Note D - This note, which was part of the purchase consideration for NSR,
is due to the limited partner as under Note C and is comprised of twenty-
four $100,000 notes and one $125,000 note, all notes have the same terms
and conditions.  The interest rate on these notes is 8% per annum.  Interest
only payments for all notes will be paid through November 1, 2004.
Thereafter principal and interest payments will be made in 96 monthly
installments, with the unpaid principal balance and accrued interest being
due on November 1, 2012.

                                                                          16


                               PSR Nurses Ltd.

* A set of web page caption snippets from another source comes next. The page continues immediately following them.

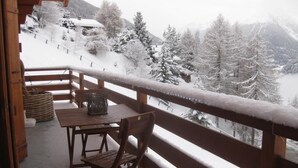 A wooden balcony with a table and chairs, overlooking a snowy mountain landscape. - Très beau chalet chaleureux et confortable, meublé et décoré avec beaucoup de goût. Spacieux et lumi (St-Luc)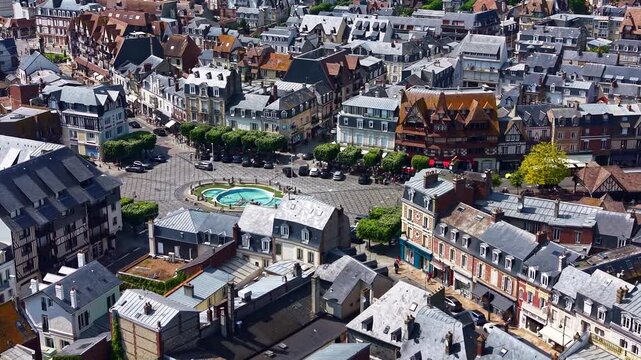 Place Morny fountain and roundabout with traditional Norman architecture in Deauville, France. Aerial drone tilt-up reveal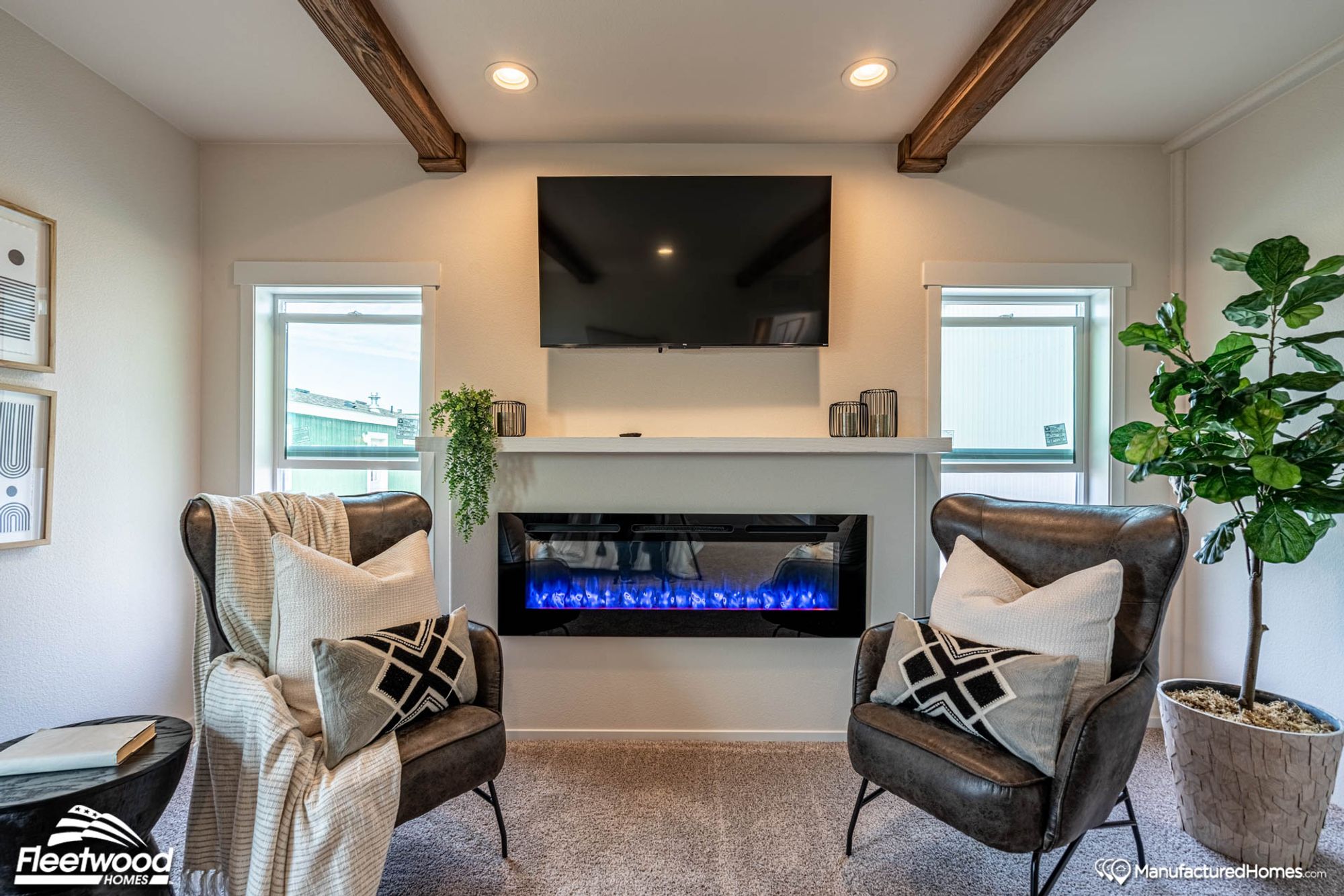 Room with two chairs and a fireplace.
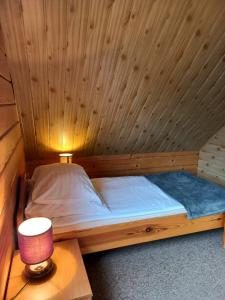 a wooden bed in a wooden room with a lamp at Bieszczady Domek Letniskowy in Polańczyk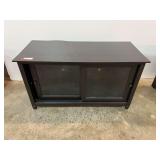 Sliding glass front door TV/entertainment stand, see pictures for details.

                        Notes to Financial Statements
- ----------------------------------------------------------------------------

Note E - This note serves as a line of credit for the Partnership and is
due to a limited partner, who is also a principal in the entity that holds the
general partner interests.  The interest rate for this note is 12% per
annum.  The note is payable on demand.

Future maturities of the notes payable are as follows:

Year ended September 30,              Amount
- --------------------------------------------

2004                          $    2,744,437
2005                                 247,095
2006                                 266,863
2007                                 288,212
2008                                 311,269
Thereafter		           1,379,118
                              --------------
                              $    5,236,994
                              ==============
7. Partners' Capital

The limited partnership consists of a general partner and three classes of
limited partners.  The general partner owns 1 unit of general partner units
of the partnership.  Class A limited partners own 22 units of Class A
limited partner units.  Class B limited partners own 62.625 units of Class
B limited partner units.  Class C limited partners own 14.275 units of
Class C limited partner units.  The preferences, rights and ownership
obligations associated with each class of units owned is described in the
partnership agreement and generally states that the Class A partners
receive a preference on any distributions until their initial capital is
returned.  During the first 36 months, the Class C partners are excluded
from any distribution allocation. Thereafter, distributions are made based
on total partner units for all partners.

In July 2003, the Company entered into a settlement agreement with the
former owner of NSR modifying and clarifying certain provisions of the
original purchase agreement as well as terminating an employment agreement
with the former owner. Pursuant to the settlement agreement it was
confirmed that the Company had no obligations to make any awards pursuant
to the incentive arrangement. Further the agreement provided that a limited
partner, who is also a principal in the entity that holds the general partner
interests, would transfer 12.375 of her Class C partnership units to
the former owner and she would provide a guaranteed value of the
partnership units transferred and ultimately exchanged for Crdentia Corp.
stock (see Note 12) of $200,000. Finally the settlement agreement provided
for the restructuring of the payment terms of the notes payable originally
issued in connection with the purchase of NSR (See Note 6).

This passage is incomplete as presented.